Victor Klemperer, philologue, a analysé l’essor sous le nazisme d’une langue particulière qu’il a nommée LTI (Lingua Tertii Imperii). Une langue corrompue, terreau des convictions et de la pensée nazies. Il note dans ces citations la relation qui s’y est établie entre les mots « héroïque » et « fanatique ». A propos des conditions dramatiques dans lesquelles Klemperer a mené cette recherche, voir « Klemperer sur le balancier« .

Voir aussi, Ozouf sur l’insulte, Boucheron et Riboulet sur attentats et oubli, Ortega y Gasset sur la dégradation de la langue.

« Le nazisme s’insinua dans la chair et le sang du grand nombre à travers des expressions isolées, des tournures, des formes syntaxiques qui s’imposaient à des millions d’exemplaires et qui furent adoptées de façon mécanique et inconsciente. On a coutume de prendre ce discours de Shiller, qui parle de la langue cultivée qui poétise et pense à ta place, dans un sens purement esthétique et, pour ainsi dire, anodin. Un vers réussi, dans une langue cultivée, ne prouve en rien la force poétique de celui qui l’a trouvé ; il n’est pas difficile dans une langue éminemment cultivée, de se donner l’air d’un poète et d’un penseur.
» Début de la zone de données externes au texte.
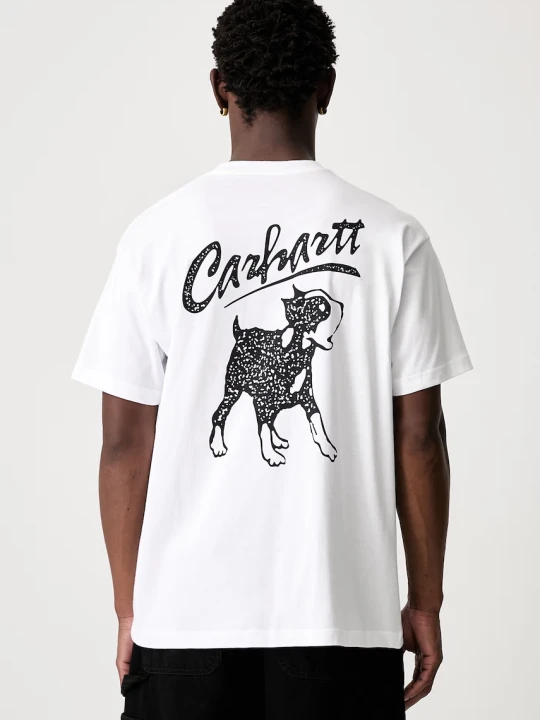Zdjęcie produktu Carhartt WIP S/S Pup T-shirt bawełniany męski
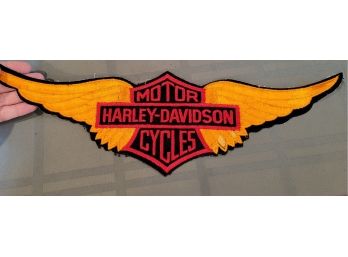 Unused Harley Patch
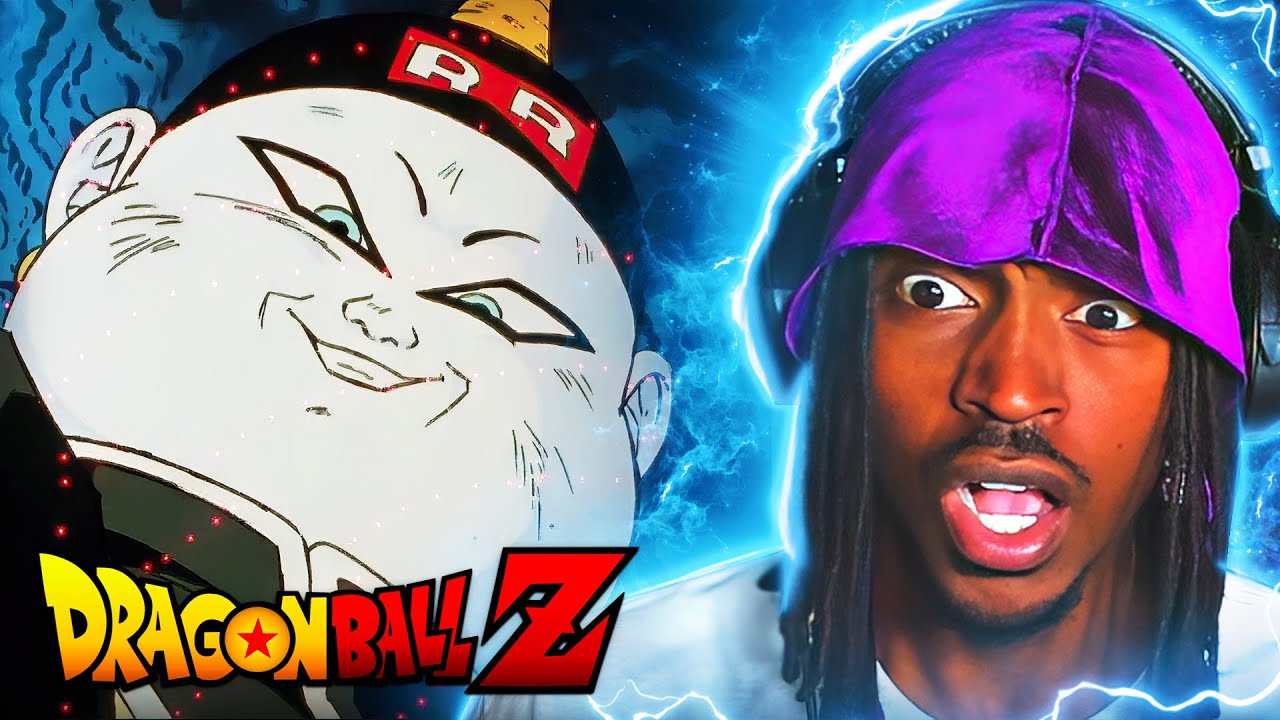 FIRST TIME WATCHING DRAGONBALL Z ANDROID SAGA *Goku vs Android 19*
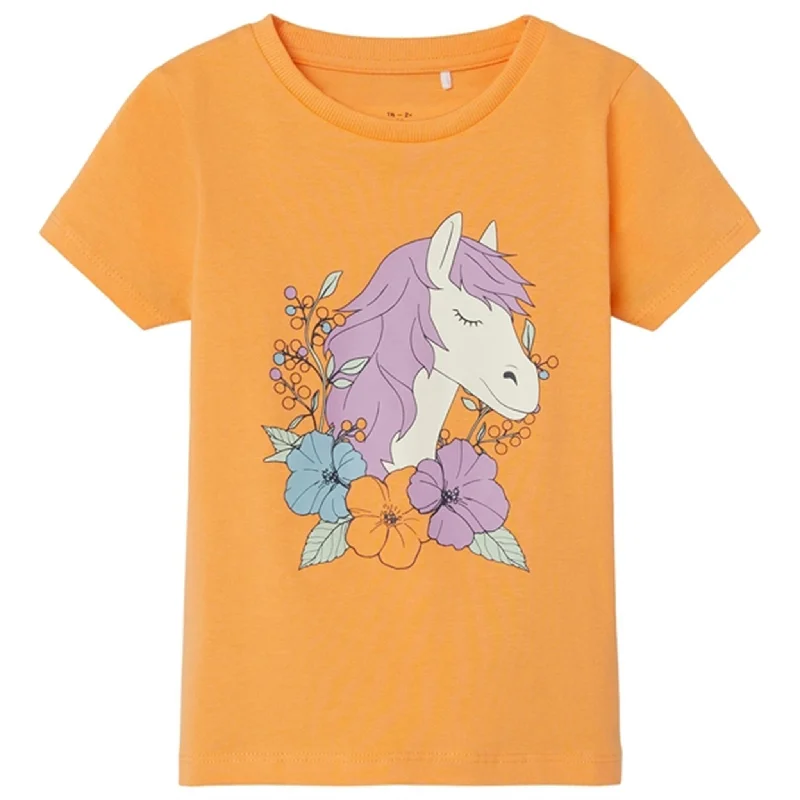 Name it Mock Orange Jasmine T-Shirt Streetwear Style for 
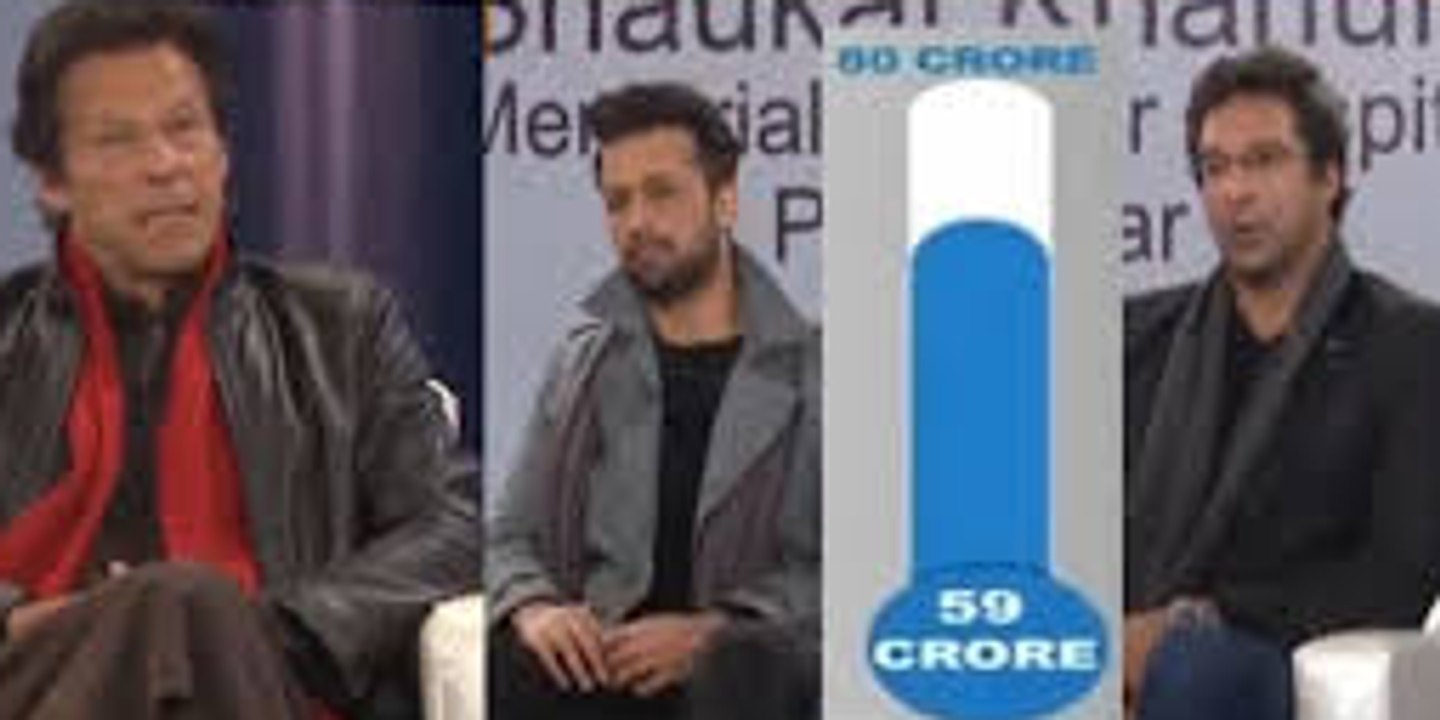 Imran Khan Shocked After Listening The Number of Facebook Fans of Atif Aslam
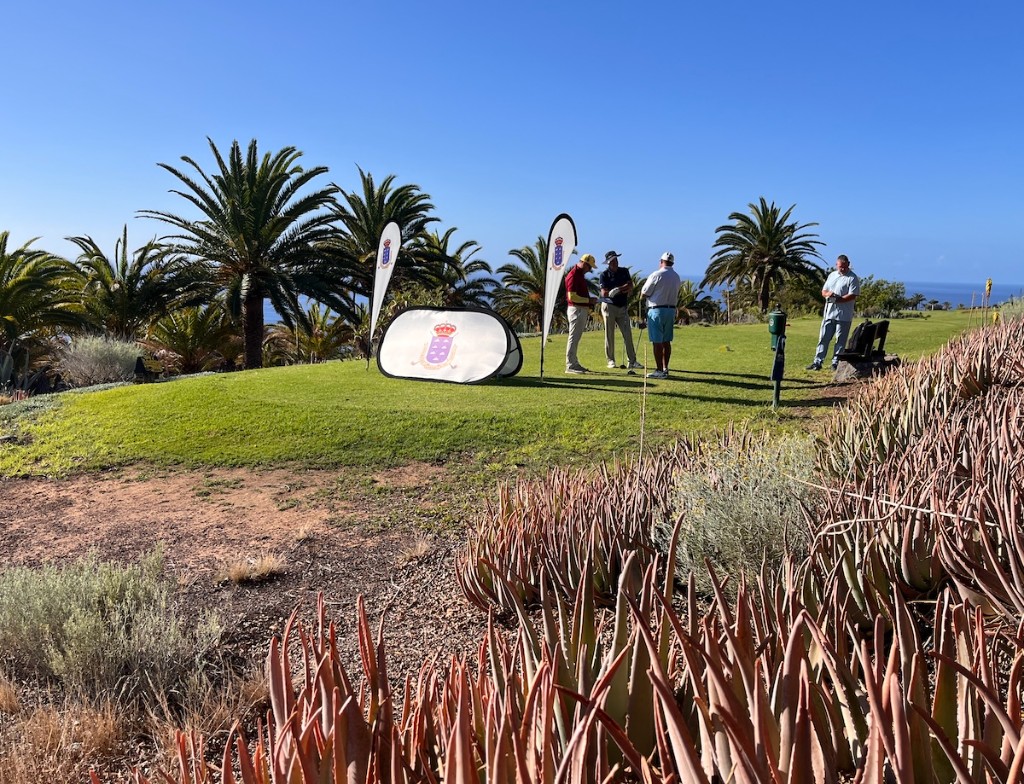 Horario de salidas 2ª Jornada (Domingo 11.10.26) - IX Campeonato de Canarias Senior 2026 - Tecina Golf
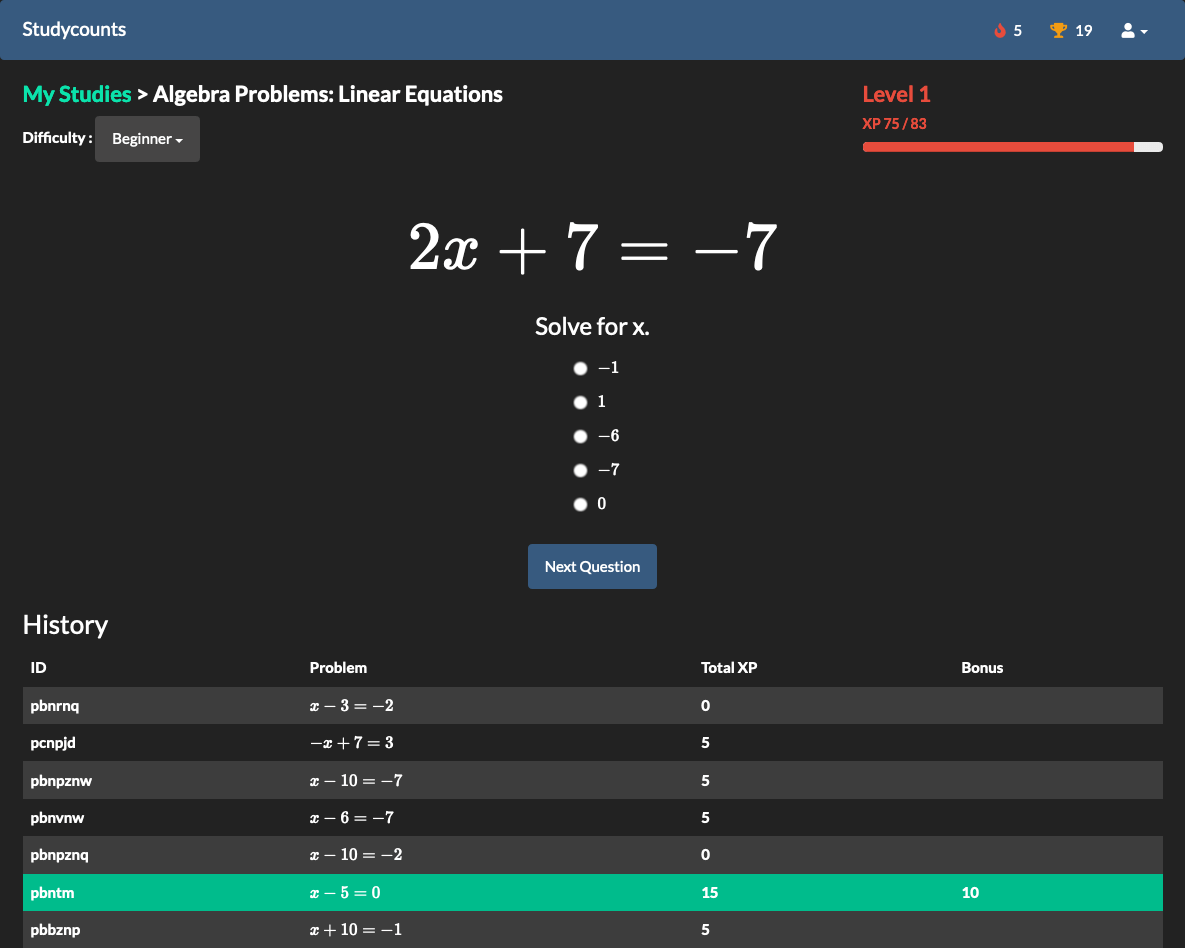 Studycounts gallery image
« Mais la langue ne se contente pas de poétiser et de penser à ma place, elle dirige aussi mes sentiments, elle régit tout mon être moral d’autant plus naturellement que je m’en remets inconsciemment à elle. Et qu’arriverait-il si cette langue cultivée est constituée d’éléments toxiques ou si l’on en a fait le vecteur de substances toxiques ? Les mots peuvent être comme de minuscules doses d’arsenic : on les avale sans y prendre garde, ils semblent ne faire aucun effet, et voilà qu’après quelque temps l’effet toxique se fait sentir. Si quelqu’un, au lieu d’héroïque et vertueux, dit pendant assez longtemps fanatique, il finira par croire qu’un fanatique est un héros vertueux et que, sans fanatisme, on ne peut pas être un héros (…) Le Troisième Reich n’a forgé, de son propre cru, qu’un très petit nombre des mots de sa langue (…). La langue nazie renvoie pour beaucoup à des apports étrangers et, pour le reste, emprunte la plupart du temps aux Allemands d’avant Hitler. Mais elle change la valeur des mots et leur fréquence, elle transforme en bien général ce que jadis appartenait à un seul individu ou à un groupuscule, elle réquisitionne pour le parti ce qui, jadis, était le bien général et, ce faisant, elle imprègne les mots et les formes syntaxiques de son poison, elle assujettit la langue à son terrible système, elle gagne avec la langue son moyen de propagande le plus puissant, le plus public et le plus secret. » (p.40-41)

« Et jamais au grand jamais (…) le mot fanatisme (avec son adjectif) n’a été aussi central et, dans un total renversement de valeurs, aussi fréquemment employé que pendant les douze années du Troisième Reich. » (p.50)

Source : Victor Klemperer, LTI, langue du IIIè Reich, Pocket, 2013. Pages 33 et 34.